L’episodio del Vangelo lo ricordiamo in ogni Messa prima della Comunione quando diciamo “o Signore non sono degno, ma di soltanto una parola e sarò salvato”. Il centurione è un pagano, fa parte dell’esercito romano che domina in Palestina, che non sempre è rispettoso dei sudditi, eppure è profondamente umano: è preoccupato dei suoi servi, aperto ai bisogni della comunità in cui vive, perché ha contribuito a costruire la Sinagoga. Ha una
fede viva, concreta, di poche parole, umile ma senza riserve, tanto da meritare i complimenti di Gesù “in Israele non ho trovato nessuno con
una fede così grande”.
L’atteggiamento di Gesù ci ricorda che la salvezza è voluta da Dio per tutti gli uomini: si muove subito per andare nella casa di un pagano per guarire il servo. Gesù, dopo aver lodato la fede del centurione pagano, fa notare che purtroppo i figli del Regno, che non hanno creduto saranno cacciati fuori.

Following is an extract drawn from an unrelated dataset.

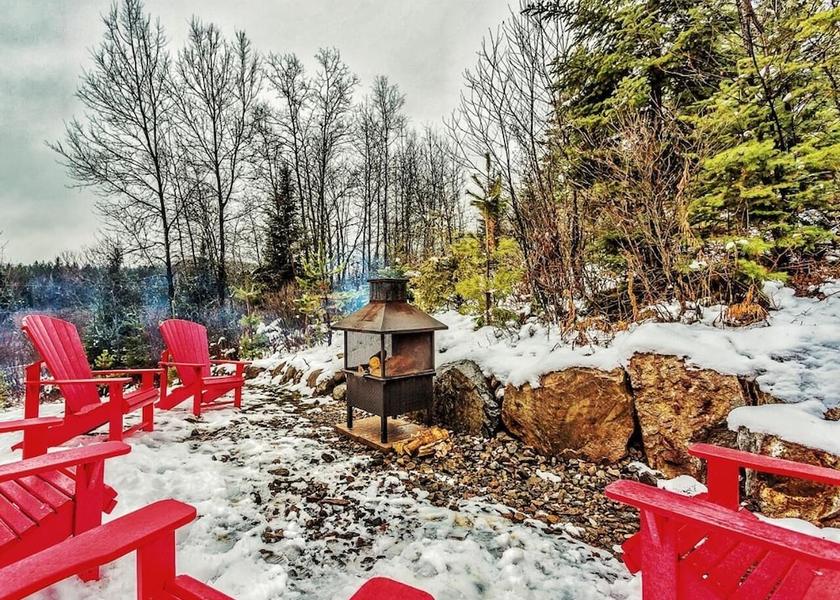 Quebec Lac-Superieur Property Grounds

L’atteggiamento di Gesù verso il centurione, pagano e romano, ci interroga se noi siamo capaci di scoprire il bene che c’è in una persona a prescindere da razza, religione, ceto sociale.
La nostra fede è come quella del Centurione sincera, umile, concreta, viva?
Quando diciamo, prima della Comunione, le parole del Centurione, diciamole con il cuore: “so o Signore che sono indegno di riceverti, ma sono
certo che tu desideri venire nel mio cuore e tu puoi cambiarlo”.